• [Goal of the exercise]
Lines from the one containing "2194 Pioneer Pass, Seguin, TX 78155" through the end of the listing are what is wanted, given again exactly with both ends included and pictures left out.

= = = = =

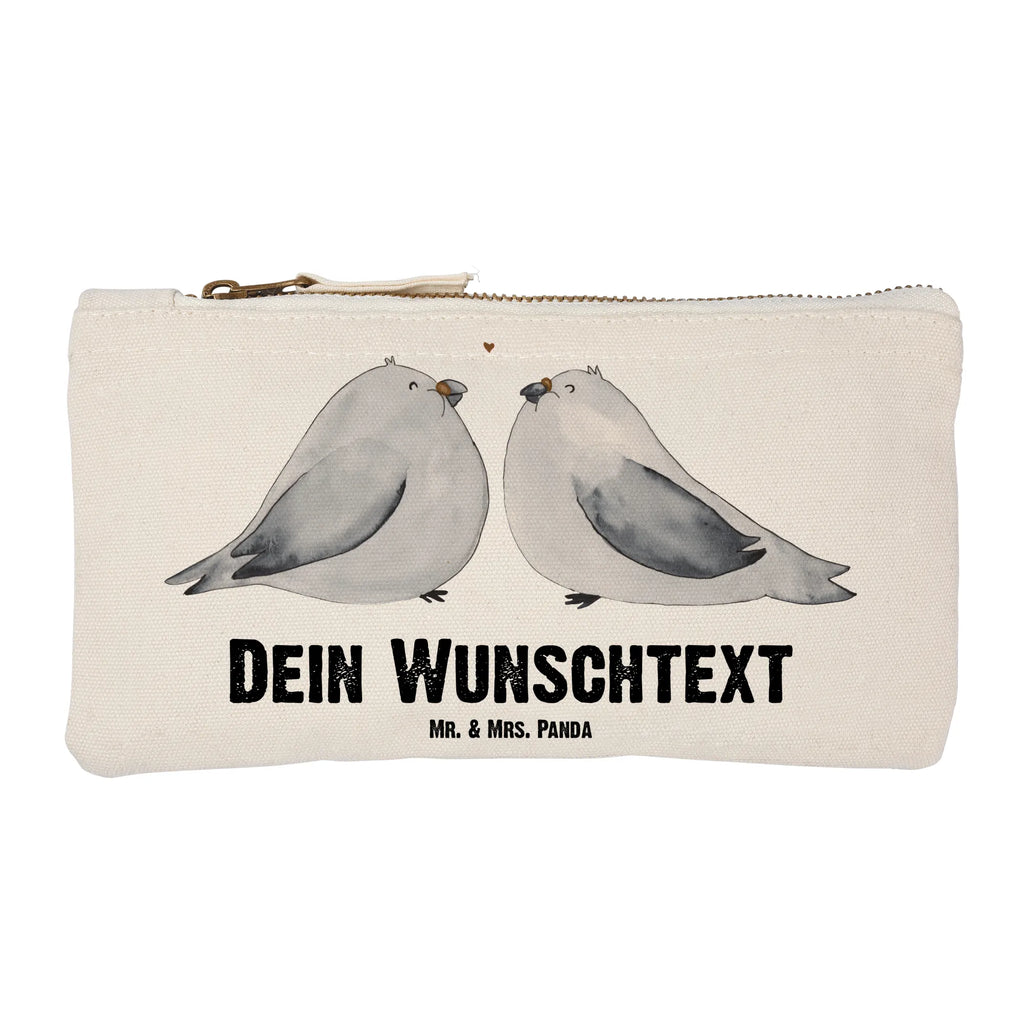 Personalisierte Schminktasche Turteltauben Liebe Personalisierte Schminktasche, Personalisierte Kosmetiktasche, Personalisierter Kosmetikbeutel, Personalisiertes Stiftemäppchen, Personalisiertes Etui, Personalisierte Federmappe, Personalisierte Makeup Bag, Personalisiertes Schminketui, Personalisiertes Kosmetiketui, Personalisiertes Schlamperetui, Schminktasche mit Namen, Kosmetiktasche mit Namen, Kosmetikbeutel mit Namen, Stiftemäppchen mit Namen, Etui mit Namen, Federmappe mit Namen, Makeup Bg mit Namen, Schminketui mit Namen, Kosmetiketui mit Namen, Schlamperetui mit Namen, Schminktasche personalisieren, Schminktasche bedrucken, Schminktasche selbst gestalten, Liebe, Partner, Freund, Freundin, Ehemann, Ehefrau, Heiraten, Verlobung, Heiratsantrag, Liebesgeschenk, Jahrestag, Hocheitstag, Turteltauben, Turteltäubchen, Tauben, Verliebt, Verlobt, Verheiratet, Geschenk Freundin, Geschenk Freund, Liebesbeweis, Hochzeitstag, Geschenk Hochzeit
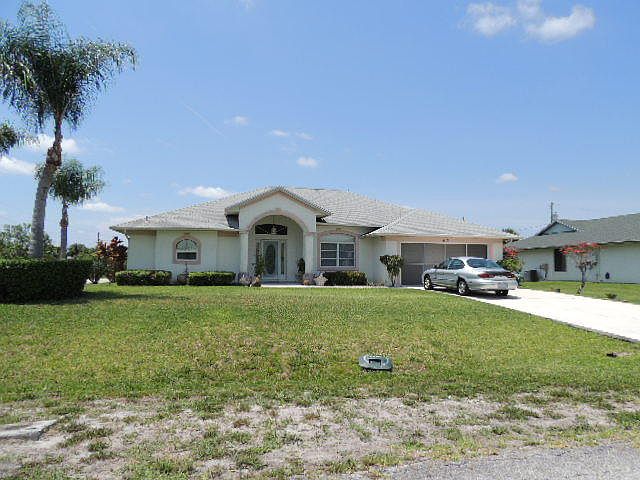 1st image of 613 SE Beth Court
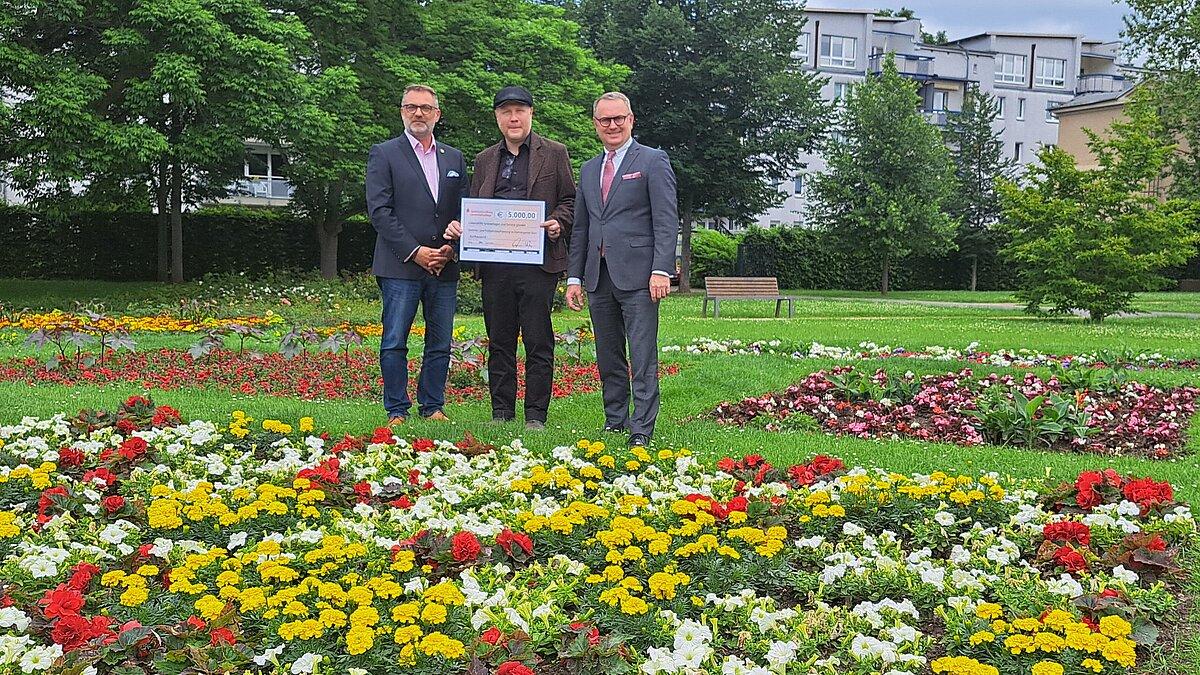 Spendenübergabe in einem Park.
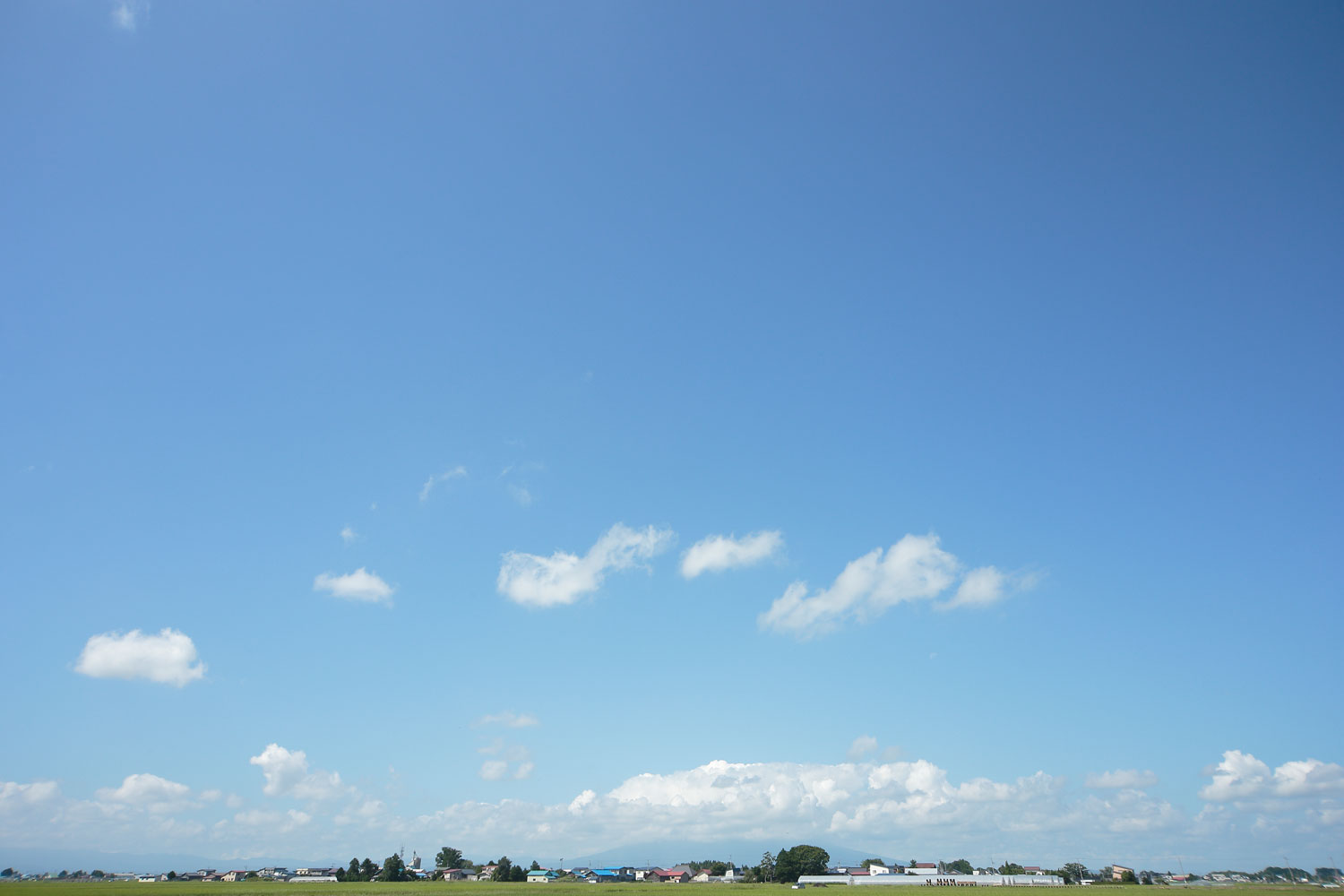 i72l-3550　青空と雲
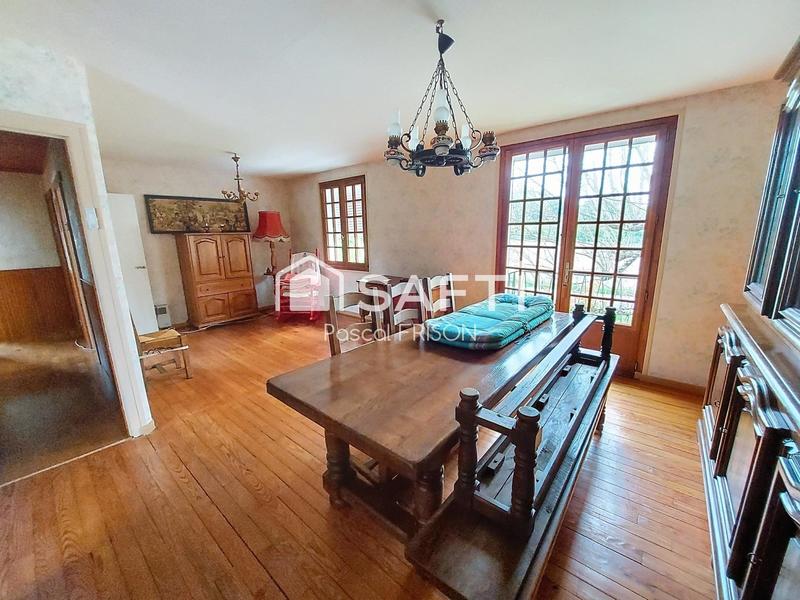 Maison - 140 m² - 5 pièces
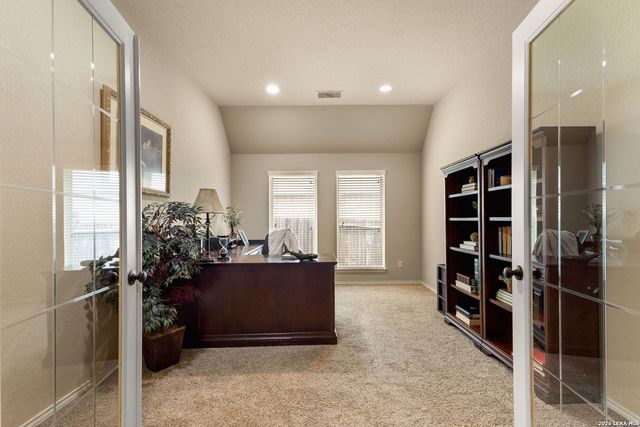 2194 Pioneer Pass, Seguin, TX 78155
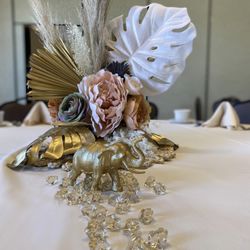 Safari Rental Arrangements - $40 each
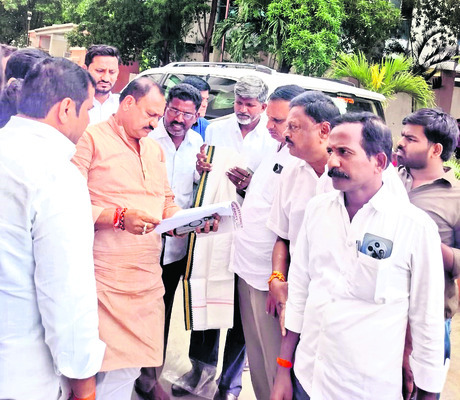 నేతన్న పొదుపు పథకం వర్తింపజేయాలి 
1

= = = = =

• [Completed exercise]
 2194 Pioneer Pass, Seguin, TX 78155
 Safari Rental Arrangements - $40 each
 నేతన్న పొదుపు పథకం వర్తింపజేయాలి 
1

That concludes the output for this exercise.